The introduction is also not the place to discuss your findings.  Save that for the Discussion section.  The Introduction can be fairly short (a few paragraphs), but it is important to provide sufficient background information so that the reader can understand the motivation of the work.

 

Materials and Methods

This is a good section to start writing first as it is rather straightforward.  Keep a running list of reagents and materials; it can be edited and consolidated later.  From this section, the reader should understand how the study was undertaken, what materials (reagents, machinery, programs) were used, and where the research was performed (for field studies, etc.).  This section can be subdivided into subsections:  Strains, primers, computer programs, equipment (microscopes, specialized equipment), etc.  Detailed information regarding reagents you used or generated will be useful for the lab after you leave.  For example, “anti-actin antibody” is less useful information than “rabbit polyclonal anti-actin antibody (Sigma AB2000 Lot # 201)”.

 

Results

In this section, you will present the results of your study, including figures and tables.

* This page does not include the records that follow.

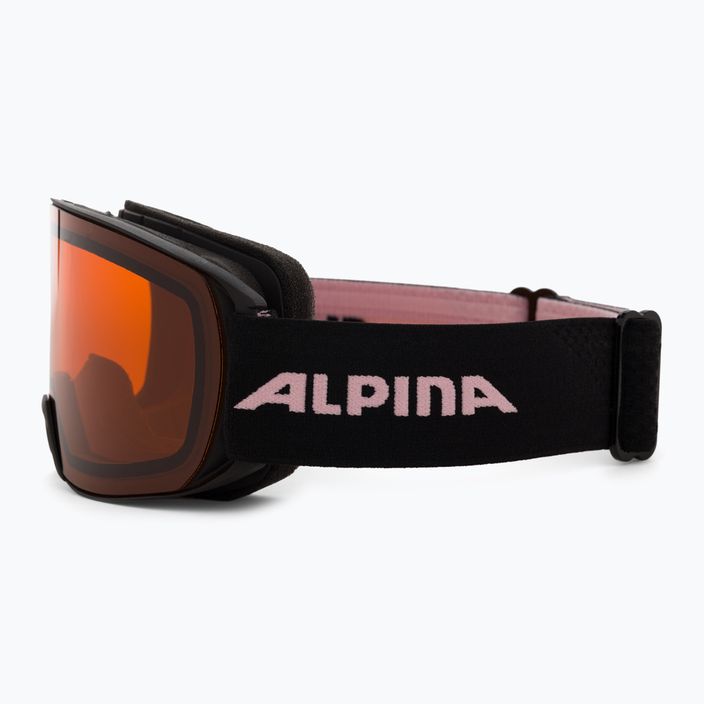 Alpina Nakiska slidinėjimo akiniai juodi/rožiniai matiniai/oranžiniai 4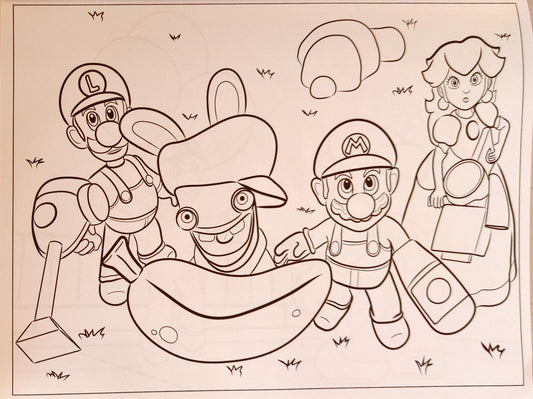 Super Mario (Colouring Book)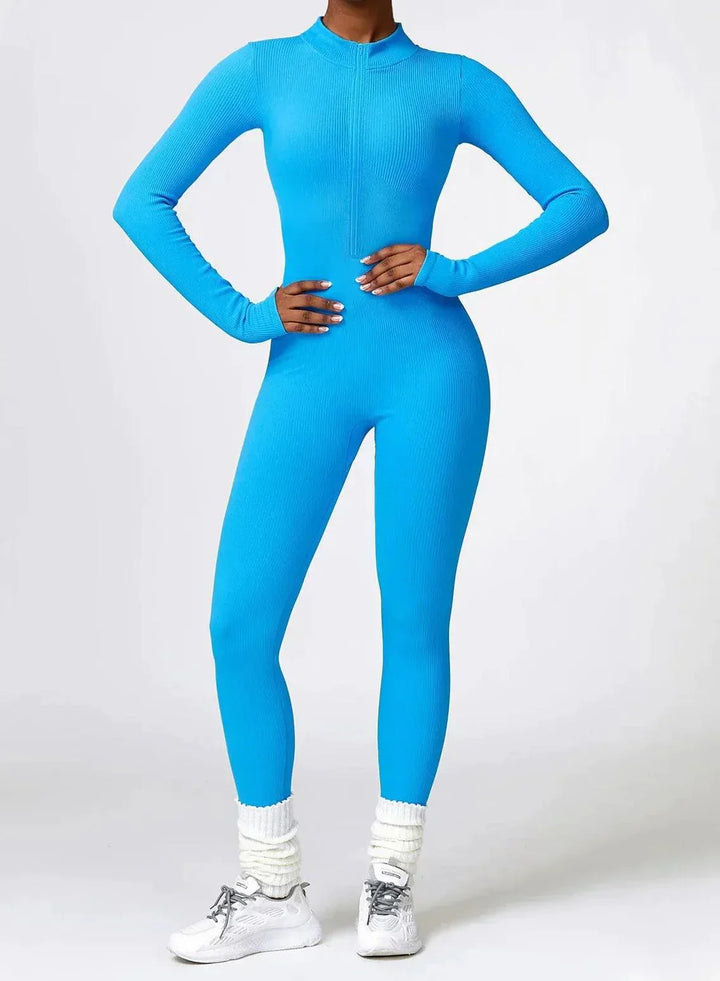 Luxury Full-Body Romper with Long Sleeves - Lisa-Black-XS-Nora Luxe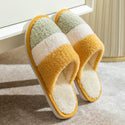 Striped Slip-on Plush Comfort Shoes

The structure of this section should be your first focus, even before the experiments are performed.  How will you present the data?  In a chart or table?  Graph? Images?  Thinking about how to configure your data will help you remember important controls.  If you do not have all the data you need, you can still start writing, but this section is commonly written after figures and tables are generated.  Explain the steps required to obtain the data, the experimental approach, the controls used, what was measured, what was found, etc.  You should provide enough information to convince the reader that your findings are sound and the experiments were well-controlled.  A discussion of the results should be saved for the next section.

 

Discussion

Interpret the results.  Did you find trends or patterns?  Discuss your findings in the context of what is already known.  Explain why you obtained unexpected results or why your results differ from published data.  Explain why these results may be significant.

 

Acknowledgements

This section should be short. It is not a dedication section, but an acknowledgement of who contributed to the work of the thesis. If you include data that was generated in the lab before you arrived, or data from another lab, provide a reference for this information or simply state “Figure 1 is previous data from former lab members”.  Who collected the samples for you?  Who maintained the stocks for you?  Who performed the sequence analysis for you?  Also, acknowledge financial contributors such as UGRA.

 

Literature Cited

You should become accustomed to using a reference manager such as EndNote, Zotero or Paperpile.  Cite all your sources.  We recommend (Author,Date) format for in text citations. For the Literature Cited section, a more complete format is needed, with authors, article title, journal title, year, volume, issue and pagination.  No specific format is required but you should follow a format used in other scientific papers. If (Author,Date) format is used for in text citations, the Literature Cited section should be alphabetical. If in text citations are numbered in order of appearance, the Literature Cited section will also be numbered.